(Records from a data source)
=-=-=
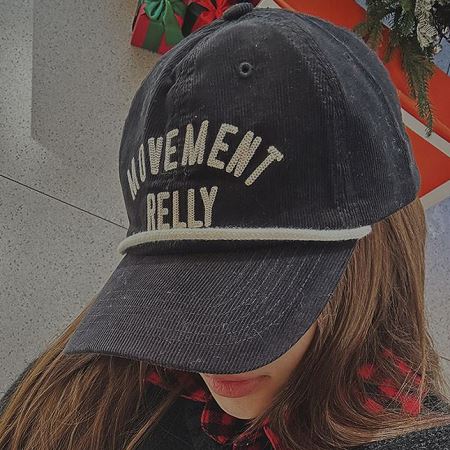 Dongdaemum Women’s Clothing Accessories, a testament to the elegance and quality of wholesale Korean fashion.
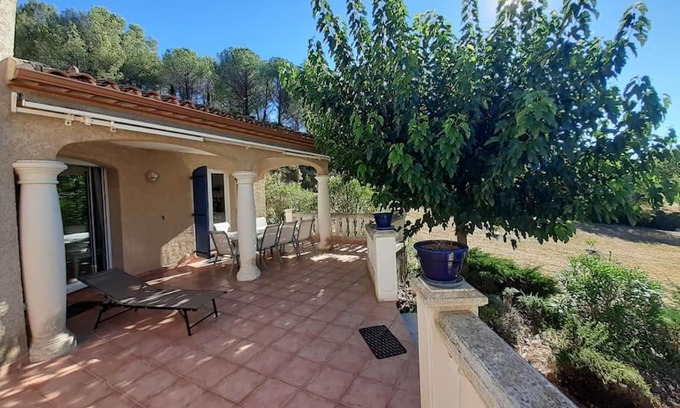 Saint-Chinian Villa | Relaxing Villa Nestled Between Garrigue and River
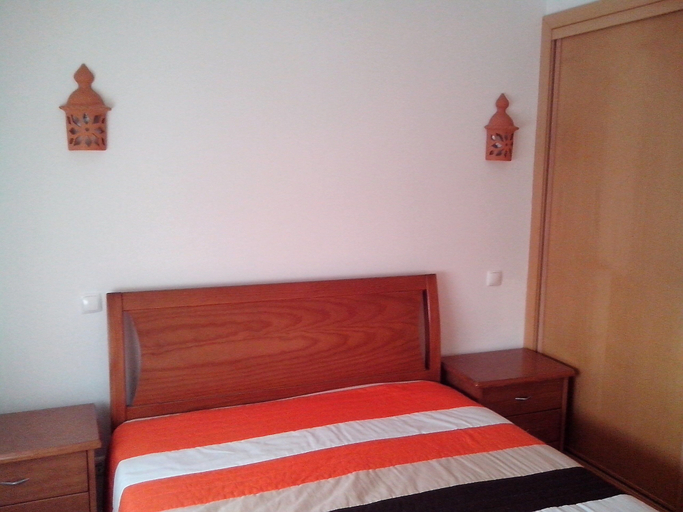 Bedroom 3, Charming 2-bed Apartment in Olhos de Agua, Albufeira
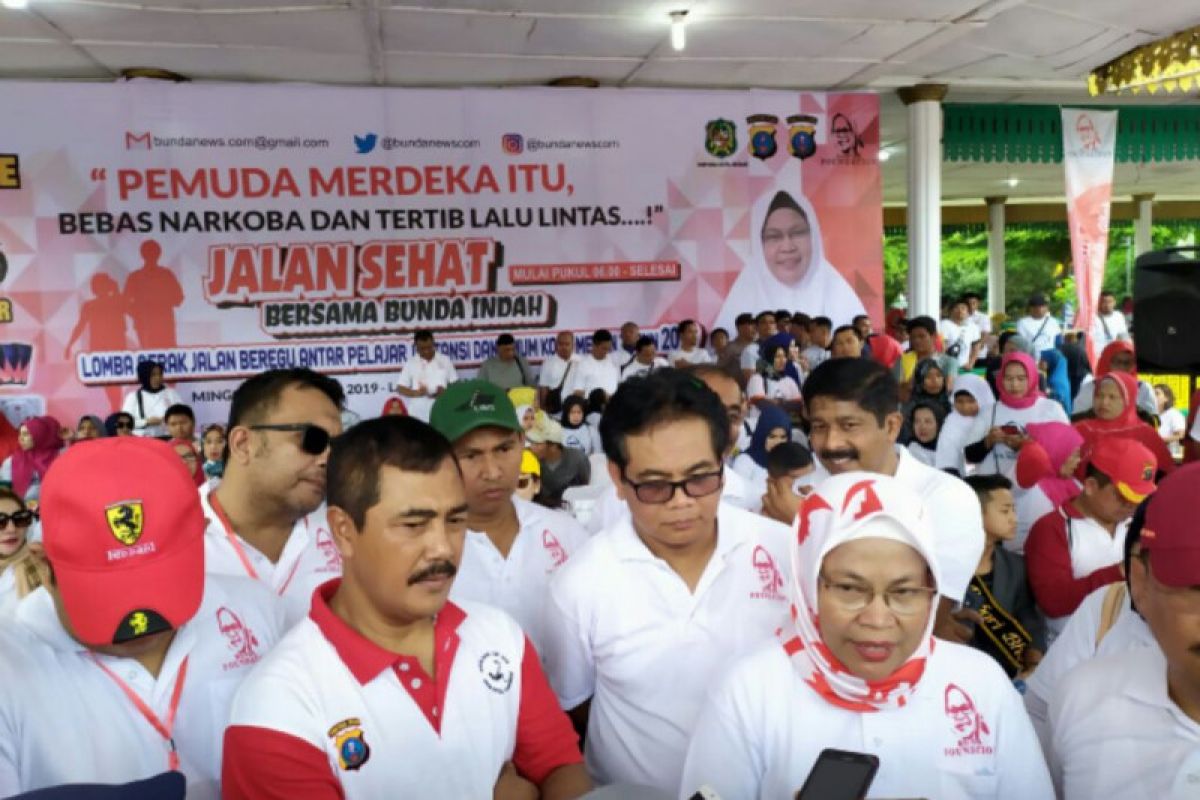 Hj Bunda Indah minta pengusaha bantu pemerintah memajukan pendidikan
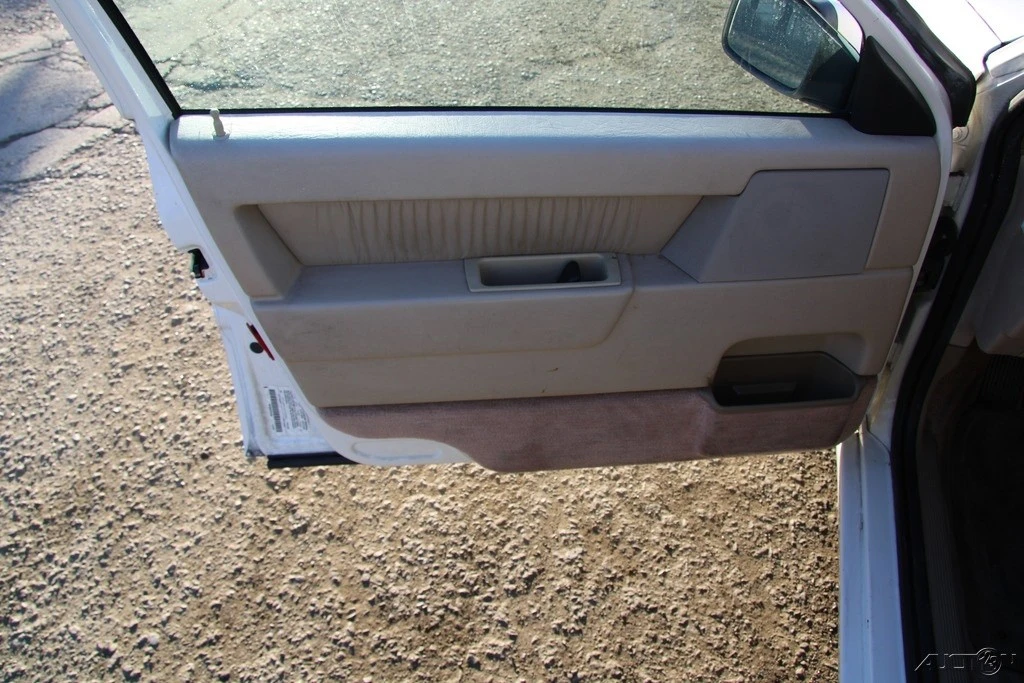 1997 Volvo 850 Turbo - Image 12 of 21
=-=-=
# WHAT TO DO
Your answer must be the lines from the one containing "Hj Bunda Indah" through the last line of the records, both included, written out exactly and without pictures.

# EXERCISE OUTPUT
 Hj Bunda Indah minta pengusaha bantu pemerintah memajukan pendidikan
 1997 Volvo 850 Turbo - Image 12 of 21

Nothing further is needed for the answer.